Suamiku segera memarkirkan kendaraannya di lahan parkir kosong tak jauh dari lobi hotel. Mas dan ayah Dwi segera turun dari mobil dan menuju lobi untuk menanyakan ketersediaan kamar. Sekitar sepuluh menit kemudian, ayah Dwi kembali dan memberitahu kalau hanya ada satu kamar yang tersisa. Kami pun disuruh bersiap-siap menurunkan barang bawaan seperlunya.
"Ma, kamu susul suamimu. Biar nanti om dan tante yang membawakan perlengkapan Gendis"
"Baik om, terima kasih"
Aku segera menggendong Gendis dan menyusul suamiku. Saat langkah kakiku memasuki area lobi, harum wangi aroma therapy menyeruak ke dalam indra penciuman, menyambut kedatanganku. Mataku terpana menyusuri lobi hotel yang terlihat luas dan dipenuhi lukisan serta furniture antik.
"Mewah banget hotelnya" aku berdecak kagum.
"Ma..! Ma..! Akep ya ma!" (Ma. Ma, Cakep ya ma) Nampaknya Gendis juga menyukai hotel pilihan ayahnya.
"Iya Ndis, hotelnya bagus banget"
Mas yang melihat kedatanganku segera berjalan menghampiriku dan mengambil Gendis dari pelukanku
"Ma, kamar yang ready cuma satu. Executive suite. Nggak apa-apakan?"
"Terus tidurnya bagaimana mas?
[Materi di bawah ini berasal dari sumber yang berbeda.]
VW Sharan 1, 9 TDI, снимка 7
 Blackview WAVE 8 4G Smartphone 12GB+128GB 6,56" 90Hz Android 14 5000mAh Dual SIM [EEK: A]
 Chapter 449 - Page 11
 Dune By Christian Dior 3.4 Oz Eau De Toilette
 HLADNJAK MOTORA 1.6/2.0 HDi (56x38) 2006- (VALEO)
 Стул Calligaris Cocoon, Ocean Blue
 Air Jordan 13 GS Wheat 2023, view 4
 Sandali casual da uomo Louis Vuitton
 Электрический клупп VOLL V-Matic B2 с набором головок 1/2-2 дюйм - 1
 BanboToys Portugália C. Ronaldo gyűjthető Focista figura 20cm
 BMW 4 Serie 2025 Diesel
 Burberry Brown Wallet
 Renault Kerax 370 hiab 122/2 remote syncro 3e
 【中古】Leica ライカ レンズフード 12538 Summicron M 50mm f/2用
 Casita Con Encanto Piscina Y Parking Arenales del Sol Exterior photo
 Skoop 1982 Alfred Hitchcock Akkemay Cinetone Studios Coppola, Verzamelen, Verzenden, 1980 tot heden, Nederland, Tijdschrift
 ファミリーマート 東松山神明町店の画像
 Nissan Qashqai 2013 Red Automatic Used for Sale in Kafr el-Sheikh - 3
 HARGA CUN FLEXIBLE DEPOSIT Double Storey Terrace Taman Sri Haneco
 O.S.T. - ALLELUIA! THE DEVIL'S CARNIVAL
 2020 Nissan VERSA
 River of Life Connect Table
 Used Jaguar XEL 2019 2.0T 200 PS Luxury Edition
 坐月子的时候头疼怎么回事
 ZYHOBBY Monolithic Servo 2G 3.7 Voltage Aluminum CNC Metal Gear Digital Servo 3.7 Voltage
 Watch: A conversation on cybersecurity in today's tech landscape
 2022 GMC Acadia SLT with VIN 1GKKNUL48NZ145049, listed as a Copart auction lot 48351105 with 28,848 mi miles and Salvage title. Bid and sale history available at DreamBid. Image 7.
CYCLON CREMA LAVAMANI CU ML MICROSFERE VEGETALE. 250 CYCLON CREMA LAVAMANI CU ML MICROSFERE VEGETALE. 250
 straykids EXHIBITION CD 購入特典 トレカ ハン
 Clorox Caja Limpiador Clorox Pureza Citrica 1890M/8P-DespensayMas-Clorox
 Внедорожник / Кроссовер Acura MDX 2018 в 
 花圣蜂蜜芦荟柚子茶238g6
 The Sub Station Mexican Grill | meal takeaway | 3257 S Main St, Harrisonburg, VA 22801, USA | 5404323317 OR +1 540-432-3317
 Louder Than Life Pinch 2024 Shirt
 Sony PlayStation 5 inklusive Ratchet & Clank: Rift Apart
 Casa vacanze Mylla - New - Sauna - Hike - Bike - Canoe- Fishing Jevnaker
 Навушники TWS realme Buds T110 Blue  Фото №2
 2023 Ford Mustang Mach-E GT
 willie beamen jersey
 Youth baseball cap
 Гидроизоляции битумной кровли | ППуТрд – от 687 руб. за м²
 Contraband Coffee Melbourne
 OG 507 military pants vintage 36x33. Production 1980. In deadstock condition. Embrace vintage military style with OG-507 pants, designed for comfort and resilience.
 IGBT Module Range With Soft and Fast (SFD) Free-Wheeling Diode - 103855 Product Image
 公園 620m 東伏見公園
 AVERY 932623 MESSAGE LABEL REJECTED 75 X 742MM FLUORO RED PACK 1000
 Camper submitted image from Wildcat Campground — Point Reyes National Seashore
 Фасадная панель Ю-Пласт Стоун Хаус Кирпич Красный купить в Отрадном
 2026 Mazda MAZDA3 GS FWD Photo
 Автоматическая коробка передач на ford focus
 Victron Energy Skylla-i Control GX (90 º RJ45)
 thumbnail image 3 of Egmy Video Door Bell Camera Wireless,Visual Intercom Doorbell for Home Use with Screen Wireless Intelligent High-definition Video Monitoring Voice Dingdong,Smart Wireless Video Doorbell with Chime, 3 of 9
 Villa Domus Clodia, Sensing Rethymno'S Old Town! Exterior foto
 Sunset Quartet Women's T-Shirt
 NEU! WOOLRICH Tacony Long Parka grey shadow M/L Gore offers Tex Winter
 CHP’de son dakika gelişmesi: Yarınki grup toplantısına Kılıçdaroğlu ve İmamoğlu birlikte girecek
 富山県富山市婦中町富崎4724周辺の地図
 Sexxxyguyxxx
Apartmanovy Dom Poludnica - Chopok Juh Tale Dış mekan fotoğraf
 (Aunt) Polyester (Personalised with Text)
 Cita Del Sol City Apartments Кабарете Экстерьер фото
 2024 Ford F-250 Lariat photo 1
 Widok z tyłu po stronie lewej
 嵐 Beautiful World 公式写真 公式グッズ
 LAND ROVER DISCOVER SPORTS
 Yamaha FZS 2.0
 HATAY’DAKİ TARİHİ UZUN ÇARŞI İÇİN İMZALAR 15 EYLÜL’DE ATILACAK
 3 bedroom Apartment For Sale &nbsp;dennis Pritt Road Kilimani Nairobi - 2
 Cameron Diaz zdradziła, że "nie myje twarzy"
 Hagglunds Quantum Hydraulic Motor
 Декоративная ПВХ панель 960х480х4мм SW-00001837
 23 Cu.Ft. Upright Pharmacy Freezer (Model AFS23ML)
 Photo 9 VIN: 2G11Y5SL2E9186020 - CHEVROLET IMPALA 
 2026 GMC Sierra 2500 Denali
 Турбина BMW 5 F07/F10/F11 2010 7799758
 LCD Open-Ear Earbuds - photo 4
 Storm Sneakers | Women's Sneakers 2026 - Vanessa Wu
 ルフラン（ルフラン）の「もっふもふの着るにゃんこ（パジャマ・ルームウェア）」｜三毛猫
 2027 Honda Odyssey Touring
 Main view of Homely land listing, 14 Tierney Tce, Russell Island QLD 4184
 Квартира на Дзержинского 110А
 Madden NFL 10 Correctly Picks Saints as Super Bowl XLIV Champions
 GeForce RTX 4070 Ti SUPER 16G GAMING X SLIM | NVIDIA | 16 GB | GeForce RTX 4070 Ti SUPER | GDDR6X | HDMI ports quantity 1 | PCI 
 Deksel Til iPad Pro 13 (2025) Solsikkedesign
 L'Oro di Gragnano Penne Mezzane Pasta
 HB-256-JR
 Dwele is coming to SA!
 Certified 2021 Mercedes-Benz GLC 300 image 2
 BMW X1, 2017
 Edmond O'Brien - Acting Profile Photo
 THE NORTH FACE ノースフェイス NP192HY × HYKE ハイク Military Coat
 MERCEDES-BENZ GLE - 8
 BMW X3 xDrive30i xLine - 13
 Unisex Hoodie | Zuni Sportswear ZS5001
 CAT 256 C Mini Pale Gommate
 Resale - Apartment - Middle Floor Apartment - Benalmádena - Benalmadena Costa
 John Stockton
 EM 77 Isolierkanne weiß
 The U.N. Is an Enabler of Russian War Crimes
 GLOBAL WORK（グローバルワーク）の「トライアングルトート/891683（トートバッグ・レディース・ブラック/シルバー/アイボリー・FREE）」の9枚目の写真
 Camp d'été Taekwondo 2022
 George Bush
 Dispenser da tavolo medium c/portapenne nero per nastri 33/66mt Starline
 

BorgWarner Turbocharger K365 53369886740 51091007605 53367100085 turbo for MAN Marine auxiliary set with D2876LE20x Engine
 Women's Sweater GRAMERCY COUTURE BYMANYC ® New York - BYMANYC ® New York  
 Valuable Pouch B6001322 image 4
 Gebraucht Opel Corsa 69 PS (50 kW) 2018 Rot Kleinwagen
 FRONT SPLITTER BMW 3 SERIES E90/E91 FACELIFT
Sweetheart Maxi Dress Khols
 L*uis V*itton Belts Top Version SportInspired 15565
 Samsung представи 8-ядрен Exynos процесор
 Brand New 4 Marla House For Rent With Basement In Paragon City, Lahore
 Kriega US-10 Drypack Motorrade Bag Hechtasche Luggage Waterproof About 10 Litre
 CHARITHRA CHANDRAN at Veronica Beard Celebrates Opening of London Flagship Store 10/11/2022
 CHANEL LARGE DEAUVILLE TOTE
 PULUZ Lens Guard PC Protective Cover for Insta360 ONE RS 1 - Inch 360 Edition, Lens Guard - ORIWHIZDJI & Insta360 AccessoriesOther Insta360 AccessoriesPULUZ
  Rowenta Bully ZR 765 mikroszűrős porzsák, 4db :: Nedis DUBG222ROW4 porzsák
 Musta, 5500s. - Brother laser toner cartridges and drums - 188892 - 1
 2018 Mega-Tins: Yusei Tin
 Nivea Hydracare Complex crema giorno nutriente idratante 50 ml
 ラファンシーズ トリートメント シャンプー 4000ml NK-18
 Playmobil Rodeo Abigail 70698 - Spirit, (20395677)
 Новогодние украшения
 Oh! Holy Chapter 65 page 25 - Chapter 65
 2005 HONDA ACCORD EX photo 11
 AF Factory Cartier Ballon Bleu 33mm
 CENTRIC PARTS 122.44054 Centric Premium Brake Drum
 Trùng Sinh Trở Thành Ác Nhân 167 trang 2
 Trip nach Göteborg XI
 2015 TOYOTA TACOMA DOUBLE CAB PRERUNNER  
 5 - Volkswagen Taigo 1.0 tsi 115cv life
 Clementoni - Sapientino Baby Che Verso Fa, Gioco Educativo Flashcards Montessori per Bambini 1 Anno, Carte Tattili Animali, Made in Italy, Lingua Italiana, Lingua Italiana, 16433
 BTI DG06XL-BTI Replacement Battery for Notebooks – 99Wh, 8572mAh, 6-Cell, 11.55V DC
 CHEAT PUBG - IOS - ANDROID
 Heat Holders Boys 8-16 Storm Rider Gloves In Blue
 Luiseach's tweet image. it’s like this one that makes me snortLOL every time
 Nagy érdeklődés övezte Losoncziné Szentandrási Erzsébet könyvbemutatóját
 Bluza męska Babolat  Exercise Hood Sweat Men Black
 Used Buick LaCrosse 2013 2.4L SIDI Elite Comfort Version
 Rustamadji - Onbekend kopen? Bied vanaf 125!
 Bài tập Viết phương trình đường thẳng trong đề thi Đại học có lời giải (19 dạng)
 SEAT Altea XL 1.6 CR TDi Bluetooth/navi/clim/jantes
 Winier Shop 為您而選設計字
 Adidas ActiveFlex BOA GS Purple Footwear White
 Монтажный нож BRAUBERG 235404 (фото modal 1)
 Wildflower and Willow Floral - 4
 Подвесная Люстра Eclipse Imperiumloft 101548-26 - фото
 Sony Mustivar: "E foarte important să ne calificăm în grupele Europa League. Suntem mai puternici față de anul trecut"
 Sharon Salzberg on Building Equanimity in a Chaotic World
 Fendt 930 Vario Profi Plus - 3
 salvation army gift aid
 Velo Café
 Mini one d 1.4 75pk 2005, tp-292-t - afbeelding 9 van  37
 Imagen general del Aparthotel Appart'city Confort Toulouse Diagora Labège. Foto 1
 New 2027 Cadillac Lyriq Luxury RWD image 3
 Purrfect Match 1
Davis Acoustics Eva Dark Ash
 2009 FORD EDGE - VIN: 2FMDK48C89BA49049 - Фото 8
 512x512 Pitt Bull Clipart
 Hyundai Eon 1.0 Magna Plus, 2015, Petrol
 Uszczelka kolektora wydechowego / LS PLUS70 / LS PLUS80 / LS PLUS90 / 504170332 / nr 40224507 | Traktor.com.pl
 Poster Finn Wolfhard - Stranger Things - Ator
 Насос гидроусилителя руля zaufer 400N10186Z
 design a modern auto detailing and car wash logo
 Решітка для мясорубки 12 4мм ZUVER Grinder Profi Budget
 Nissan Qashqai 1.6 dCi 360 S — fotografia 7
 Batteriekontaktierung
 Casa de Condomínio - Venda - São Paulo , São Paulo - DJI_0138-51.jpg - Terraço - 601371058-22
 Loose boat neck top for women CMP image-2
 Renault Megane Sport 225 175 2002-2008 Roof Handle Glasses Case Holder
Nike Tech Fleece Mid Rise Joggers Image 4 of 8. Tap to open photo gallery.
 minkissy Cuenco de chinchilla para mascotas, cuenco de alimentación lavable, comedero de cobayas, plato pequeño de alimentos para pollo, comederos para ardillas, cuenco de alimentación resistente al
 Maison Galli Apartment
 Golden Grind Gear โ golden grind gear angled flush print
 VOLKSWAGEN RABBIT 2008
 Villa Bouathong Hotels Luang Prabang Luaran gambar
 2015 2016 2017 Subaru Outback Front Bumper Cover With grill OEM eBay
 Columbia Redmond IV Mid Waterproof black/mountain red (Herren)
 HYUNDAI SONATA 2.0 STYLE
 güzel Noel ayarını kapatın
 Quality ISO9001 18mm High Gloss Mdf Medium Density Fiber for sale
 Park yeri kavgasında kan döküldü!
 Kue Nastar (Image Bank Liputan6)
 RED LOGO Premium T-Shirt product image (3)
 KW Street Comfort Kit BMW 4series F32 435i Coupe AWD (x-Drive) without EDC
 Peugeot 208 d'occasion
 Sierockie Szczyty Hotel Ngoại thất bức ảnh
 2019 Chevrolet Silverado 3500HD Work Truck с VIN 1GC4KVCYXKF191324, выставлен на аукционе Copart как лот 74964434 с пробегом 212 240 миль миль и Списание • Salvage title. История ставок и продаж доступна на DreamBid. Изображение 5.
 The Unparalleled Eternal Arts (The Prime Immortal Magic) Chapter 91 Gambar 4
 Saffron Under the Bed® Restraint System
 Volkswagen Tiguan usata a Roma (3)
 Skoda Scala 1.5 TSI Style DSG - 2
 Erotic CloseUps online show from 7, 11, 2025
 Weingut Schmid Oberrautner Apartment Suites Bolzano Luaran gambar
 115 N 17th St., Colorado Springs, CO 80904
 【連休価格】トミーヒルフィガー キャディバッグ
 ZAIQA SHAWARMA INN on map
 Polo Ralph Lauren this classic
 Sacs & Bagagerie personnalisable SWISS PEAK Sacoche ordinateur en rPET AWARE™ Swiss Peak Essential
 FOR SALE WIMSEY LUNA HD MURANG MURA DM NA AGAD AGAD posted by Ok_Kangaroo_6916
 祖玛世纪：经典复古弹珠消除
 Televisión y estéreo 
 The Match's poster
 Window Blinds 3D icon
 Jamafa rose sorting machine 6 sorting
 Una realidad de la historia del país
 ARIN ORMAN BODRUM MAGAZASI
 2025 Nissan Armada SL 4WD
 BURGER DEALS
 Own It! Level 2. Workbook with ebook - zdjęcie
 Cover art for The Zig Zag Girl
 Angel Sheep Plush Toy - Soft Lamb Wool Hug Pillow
Kan ada keluarga Dwi?"
"Sudah.. gampang diatur itu. Yang penting kita lihat saja dulu kamarnya. Kalau kasurnya kurang, tinggal pesan extra bed"
"Mbaaaa...!!" Pekik Dwi sambil memelukku dari belakang.
"Apaan?'" Sahutku ketus.
Kulihat keluarga Dwi sudah menyusul ke dalam hotel.
"Ini baru namanya hotel mba! Lihat tuh, mewah banget kan?"
Aku tersenyum tanda setuju dengan pendapat sepupuku.
"Kalau di hotel mewah begini, baru nggak ada demitnya! Gendis aman deh!!" Ucap Dwi asal-asalan.
"Huus!! Jangan ngomong sembarangan ah!" Mataku melotot ke arah Dwi.
"Mba nih kalau aku kasih tahu nggak percaya! Eh.. Om, kolam renangnya ada di lantai berapa?" Dengan antusias, Dwi bertanya ke suamiku.
"Kalau om tidak salah dengar, swimming poolnya ada di roof top"
"Waaaa... roof top,.waktunya foto-foto" mata Dwi mengerjap manja.
"Norak!!" Aku mencibir kelakuan Dwi.
"Biarin..! Weekk!!" Balasnya sambil menjulurkan lidah.
Seorang room boy menghampiri kami dan menyapa ramah. Beliau menanyakan nomer kamar dan segera menaikkan barang bawaan kami ke luggage trolley. Dengan menaiki lift, kami menuju ke lantai dua. Tempat dimana kamar kami berada. Langkah room boy terhenti di kamar bernomer 290. Kamar yang terletak di paling ujung koridor. Ia segera membukakan pintu dan menyalakan lampu kamar. Setelah mas memberikan tips dan mengucapkan terima kasih, ia bergegas meninggalkan kami.
Kakiku melangkah memasuki ruangan. Mataku terpana melihat kamar yang malam ini akan aku tempati.
"Kamarnya luas banget Wi" aku mengamit tangan sepupuku dan membawanya berkeliling ruangan. Ada satu kamar tidur utama, dilengkapi kamar mandi yang sangat besar dan semuanya terbuat dari marmer.
"Mba, Gendis suruh tidur di kamar mandi saja. Anakmu kan kalau tidur tidak bisa diem. Jadi kamar mandi ini cocok banget untuk dia" ujar Dwi tertawa geli.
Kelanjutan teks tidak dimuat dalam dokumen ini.